• _Exercise brief_
If pictures appear in the lines below, skip them and copy exactly the lines from the one containing "Traueranzeige von Manfred" through the one containing "Hip Hop Necklace", and nothing else.

• _Exercise data_
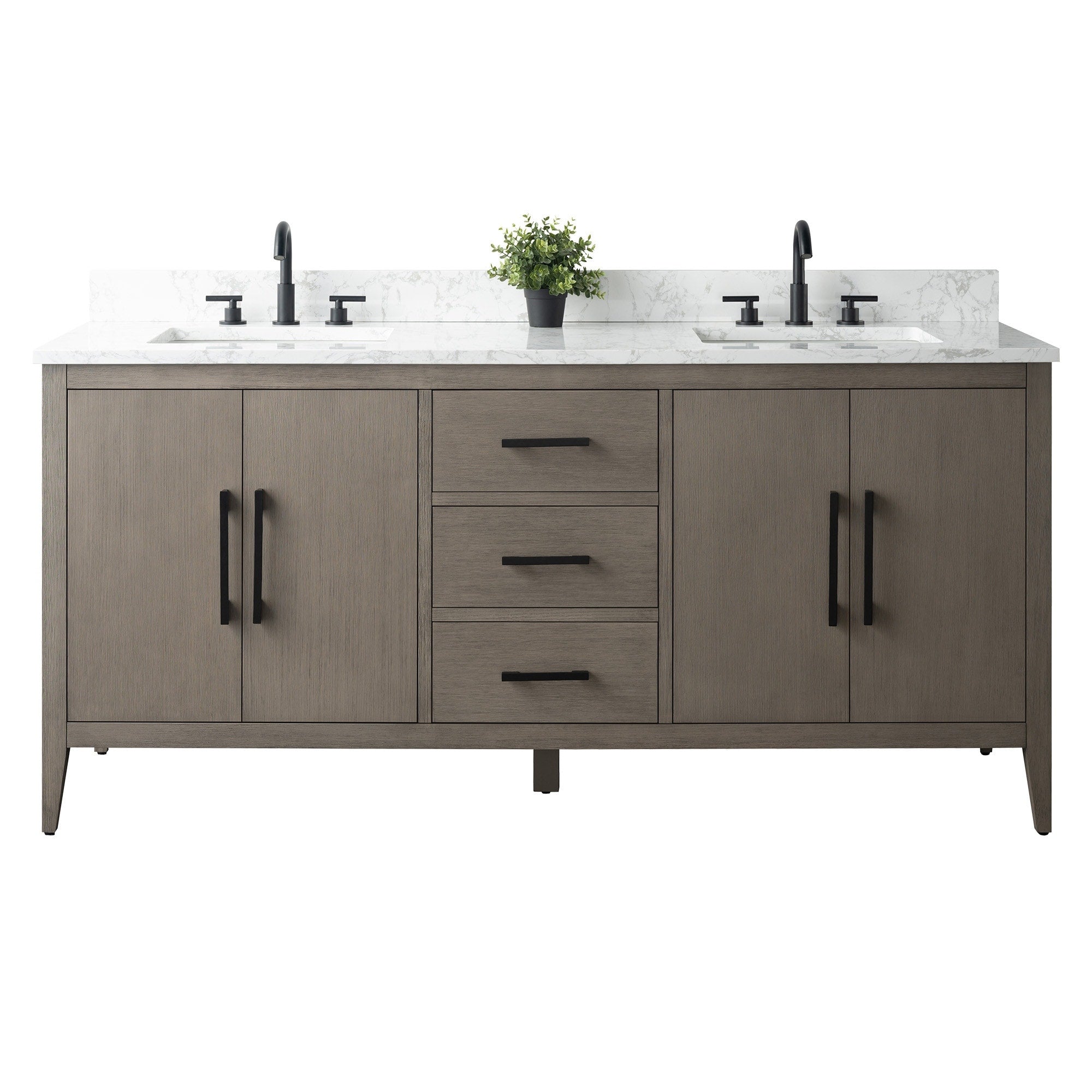 Meuble-lavabo double vasque Vanity Art 72 avec dessus en marbre reconstitué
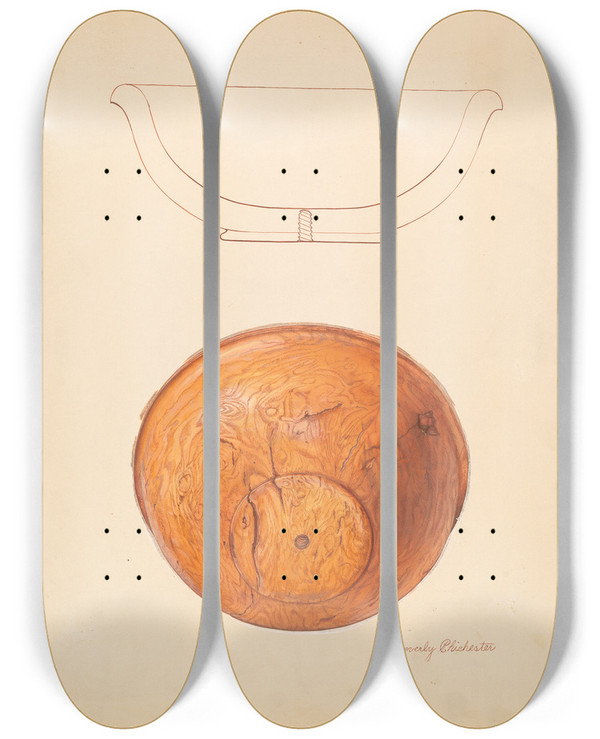 Triptych art skateboard deck of Beverly Chichester Walnut Burl Bowl by Beverly Chichester (20-)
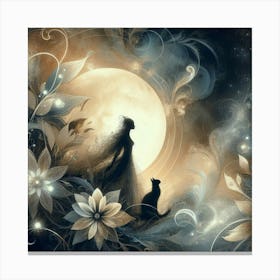 Cat silhouette in the moonlight Canvas Print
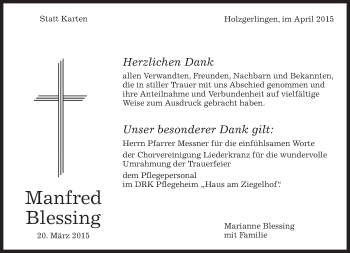 Traueranzeige von Manfred Blessing von Kreiszeitung Böblinger Bote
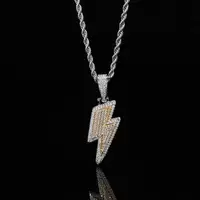 Hip Hop Necklace Full White CZ Zircon Lightning Pendants Necklace for Men Women's Iced Out Chain Neck Fashion Jewelry Wholesale - Image 3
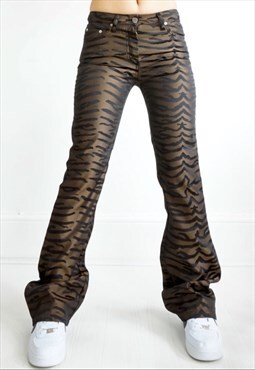 Rare Vintage Y2k Fendi Jeans Flare Trousers Zebra Print 00s 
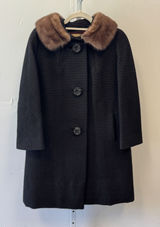 Vintage John Wanamaker Fur Collar Textured Wool Overcoat ILGWU Union Made Black Photo 0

• _Written response_
 Traueranzeige von Manfred Blessing von Kreiszeitung Böblinger Bote
 Hip Hop Necklace Full White CZ Zircon Lightning Pendants Necklace for Men Women's Iced Out Chain Neck Fashion Jewelry Wholesale - Image 3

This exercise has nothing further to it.